[Work order]
In the data that follows, count each line holding the string "living"; answer with the number only.

[Caption-style text data]
>>>>

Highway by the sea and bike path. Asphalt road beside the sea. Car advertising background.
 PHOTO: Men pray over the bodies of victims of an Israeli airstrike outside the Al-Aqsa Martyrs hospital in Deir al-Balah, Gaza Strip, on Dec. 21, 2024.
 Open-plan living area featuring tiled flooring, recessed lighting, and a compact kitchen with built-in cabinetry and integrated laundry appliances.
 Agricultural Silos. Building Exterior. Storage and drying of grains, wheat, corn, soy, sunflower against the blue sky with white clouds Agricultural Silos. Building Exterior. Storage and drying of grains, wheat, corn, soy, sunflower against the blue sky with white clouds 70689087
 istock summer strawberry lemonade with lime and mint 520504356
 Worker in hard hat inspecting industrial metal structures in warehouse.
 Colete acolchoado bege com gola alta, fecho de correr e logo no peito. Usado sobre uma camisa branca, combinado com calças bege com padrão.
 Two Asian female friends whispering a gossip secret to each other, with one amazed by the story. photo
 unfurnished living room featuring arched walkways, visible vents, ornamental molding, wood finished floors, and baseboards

<<<<

[Written reply]
2